Social Services Block Grant (SSBG) funds are to enable each state in the United States to furnish social services best suited to meet the needs of the individuals residing within the state. Such services may be, but are not limited to: daycare for children or adults, protective services for children or adults, special services to persons with disabilities, adoption, case management, health-related services, transportation, foster care for children or adults, substance abuse, housing, home-delivered meals, independent/transitional living, employment services or any other social services found necessary by the state for its population. Services funded by the SSBG as far as practicable under the conditions of that state are directed at one or more of five goals: achieving or maintaining economic self-support to prevent, reduce or eliminate dependency; achieving or maintaining self-sufficiency, including reduction or prevention of dependency; preventing or remedying neglect, abuse or exploitation of children and adults unable to protect their own interest, or preserving, rehabilitating or reuniting families; preventing or reducing inappropriate institutional care by providing for community-based care, home-based care or other forms of less intensive care; and/or securing referral or admission for institutional care when other forms of care are not appropriate or providing services to individuals in institutions. SSBG are administered by the Administration for Children and Families (ACF), a division of the United States Department of Health and Human Services (HHS).

==Target population==
Under Title XX, each eligible jurisdiction determines the services that will be provided and the individuals that will be eligible to receive services. Federal block grant funds may be used to provide services directed toward one of the following five goals specified in the law: (1) To prevent, reduce, or eliminate dependency; (2) to achieve or maintain self-sufficiency; (3) to prevent neglect, abuse, or exploitation of children and adults; (4) to prevent or reduce inappropriate institutional care; and (5) to secure admission or referral for institutional care when other forms of care are not appropriate.

==Eligible applicants==
Funds are allocated to the 50 states, the District of Columbia, the Commonwealth of Puerto Rico, and the Territories of Guam, American Samoa, the Virgin Islands, and the Northern Mariana Islands.

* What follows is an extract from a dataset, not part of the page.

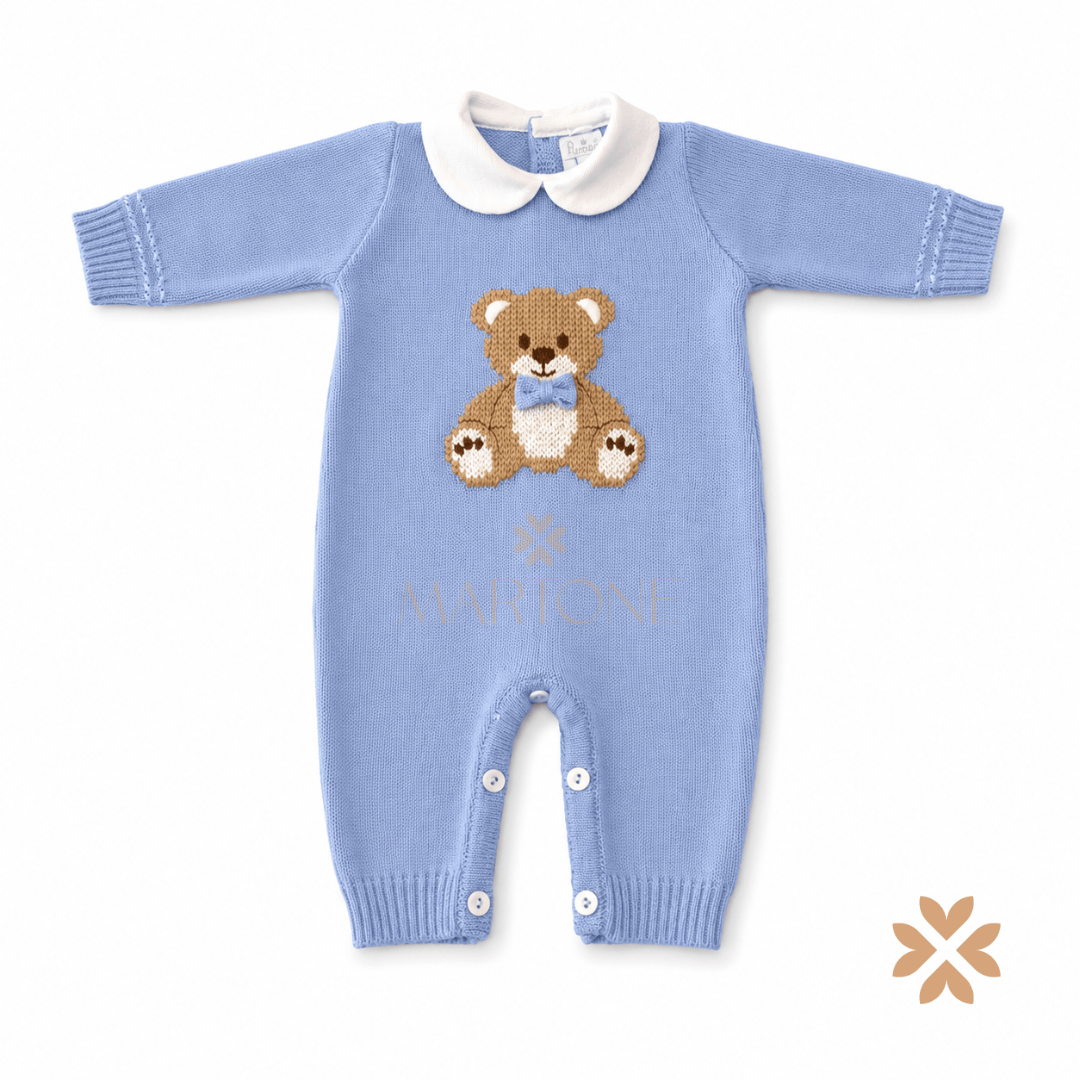 Tutina intera Teddy Cielo in pura lana - Primodì Bebè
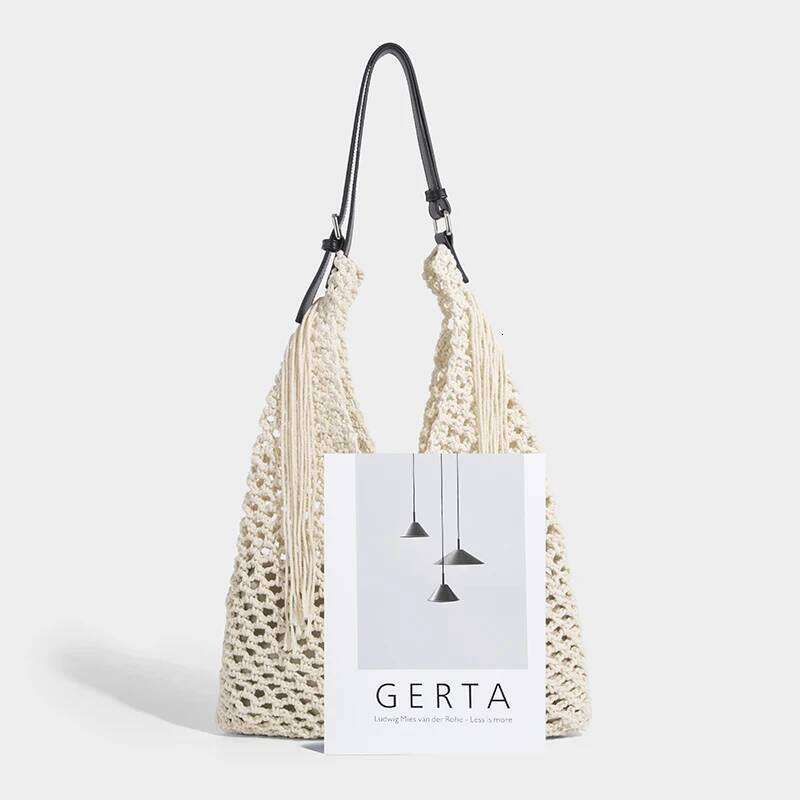 Women's Summer Bohemian Straw Weaving Tote 2025 New Designer Nylon Fabric Hollow Tassel with Large Capacity Beach Bag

In January 2026, the Department of Health and Human Services released a memo notifying all 50 states that the Child Care and Development Block Grant would no longer be sent until they independently satisfy their new, non-Congressionally approved requirements.. Although the Trump administration has stated publicly and confirmed to multiple news agencies, North Carolina has confirmed they have not received any official information from the administration. These funding changes also coincided with the reported cancellation of funding to the Temporary Assistance for Needy Families and the SSBG to the specific states of California, Colorado, Illinois, Minnesota, and New York with similar reasoning.